Rest assured, I've been cooking. I've been cooking as much, or more, than ever. I just haven't found the time/energy to go through the whole rigmarole of blogging about it. Let's say that recently I've been more interested in cooking purely for the joy of cooking and less interested in the photographing/writing part of it all.
Well my moods change from time to time and today I felt like photographing and writing.
Jessica is out of town in San Diego on business this weekend. Whether she is here or not, I cook. However, I find that when she is gone I tend to use it as an opportunity to experiment and push myself in directions I might not otherwise go. Since I'm just cooking for me, there is no harm done if I have an epic face-plant, so I'm more open to trying new things and pushing boundaries.
It is Spring time. If you are obsessive compulsive like me, Spring and cleaning go hand in hand. I went out to our chest freezer on Friday to grab something and after 10 minutes of freezer jenga realized I needed to do something about the state of the freezer... stat. I spent Saturday morning turning the gallons of collected chicken carcasses, lamb bones, lobster shells, etc. into various stocks. Not all that challenging, but time consuming... one of those things that takes some time up front but pays big dividends for months to come. I find that making stock puts me in a sort of zen place. It's great to have the stock to use at the end, but the process itself is as rewarding to me as the outcome.
During the process of cleaning out the freezer, I discovered a couple of beautifully fatty and marbled Dai Due wild boar pork chops that had been sitting in there for months.
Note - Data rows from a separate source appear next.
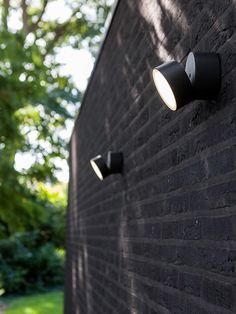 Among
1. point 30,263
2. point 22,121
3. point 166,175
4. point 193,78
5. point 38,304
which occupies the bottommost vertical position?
point 38,304

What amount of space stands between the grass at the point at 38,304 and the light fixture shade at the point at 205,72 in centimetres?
1280

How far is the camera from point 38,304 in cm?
1591

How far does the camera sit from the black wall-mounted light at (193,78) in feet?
6.34

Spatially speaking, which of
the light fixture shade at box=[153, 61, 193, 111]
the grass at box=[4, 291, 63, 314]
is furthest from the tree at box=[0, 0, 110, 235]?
the light fixture shade at box=[153, 61, 193, 111]

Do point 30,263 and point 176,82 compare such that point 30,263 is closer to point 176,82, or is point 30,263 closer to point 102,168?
point 102,168

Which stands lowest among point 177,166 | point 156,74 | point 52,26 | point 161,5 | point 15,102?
point 177,166

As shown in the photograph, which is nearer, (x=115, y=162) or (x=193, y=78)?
(x=193, y=78)

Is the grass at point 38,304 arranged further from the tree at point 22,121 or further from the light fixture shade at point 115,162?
the light fixture shade at point 115,162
I immediately realized I needed to do something awesome with them and moved them to the fridge for thawing.
As fate would have it, I awoke this morning to a dreary rainy day coupled with a certain out of nowhere sense of nostalgia for Italy... specifically Tuscany. From this, the idea of a dish coagulated in my head.
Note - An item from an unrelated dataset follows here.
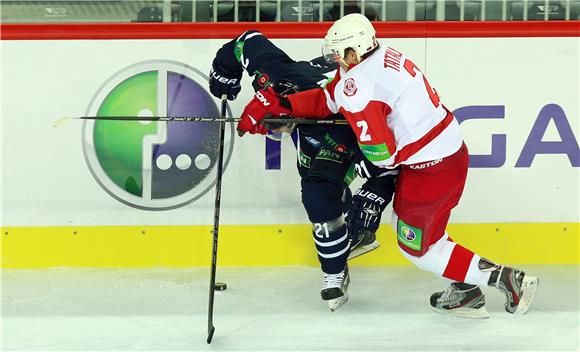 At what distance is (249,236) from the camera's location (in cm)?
411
Dai due marinated wild boar chops, slow braised in milk and chicken stock. Polenta with porcini, alba, and crimini mushrooms finished with Parmesan and red wine vinegar. Fresh garden spinach... picked 5 minutes prior and gently wilted and salted. Sauce derived from braising liquid. Fresh basil. Crushed red pepper.
Pairs super nicely with a 2011 Caparzo Rosso di Montalcino... I just LOVE Tuscan wines.
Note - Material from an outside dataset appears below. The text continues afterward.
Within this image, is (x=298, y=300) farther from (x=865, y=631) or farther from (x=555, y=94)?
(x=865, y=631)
This dish worked absolutely beautifully.
I have often read about the Tuscan (esp. Florence) approach of milk braising meats, particularly pork and also often veal breast. This is the first time I actually tried it. The technique is magical, but you have to be VERY vigilant about your simmer level. +5 degrees too high and you curdle your milk... no good. I like a tough fatty collagenous cut of a relatively delicately flavored meat with this technique... Pork/veal, shoulder/leg/breast in particular would be good bets... Suckling pig would probably be the top of the mountain with this technique in my opinion.
Also, I am developing an addiction to Porcini mushrooms. Their over the top umami level is like culinary steroids. I put Porcini mushrooms and Vadouvan curry in the same camp of magical ingredients that are basically tantamount to cheating. Truffle and foie gras might also fall in that camp, but with both of those you actually have to know what what you're doing to cheat with them.
Anyhow, maybe one day I'll try to post something resembling a recipe for y'all. I hear folks ask for that frequently. My personal approach to cooking tends to be very ad-hoc and iterative and doesn't lend itself well to a specific recipe. To me, recipes are to good food what paint by numbers is to good art. It is a creative process, not a mechanical one and it it requires improvisation to get right.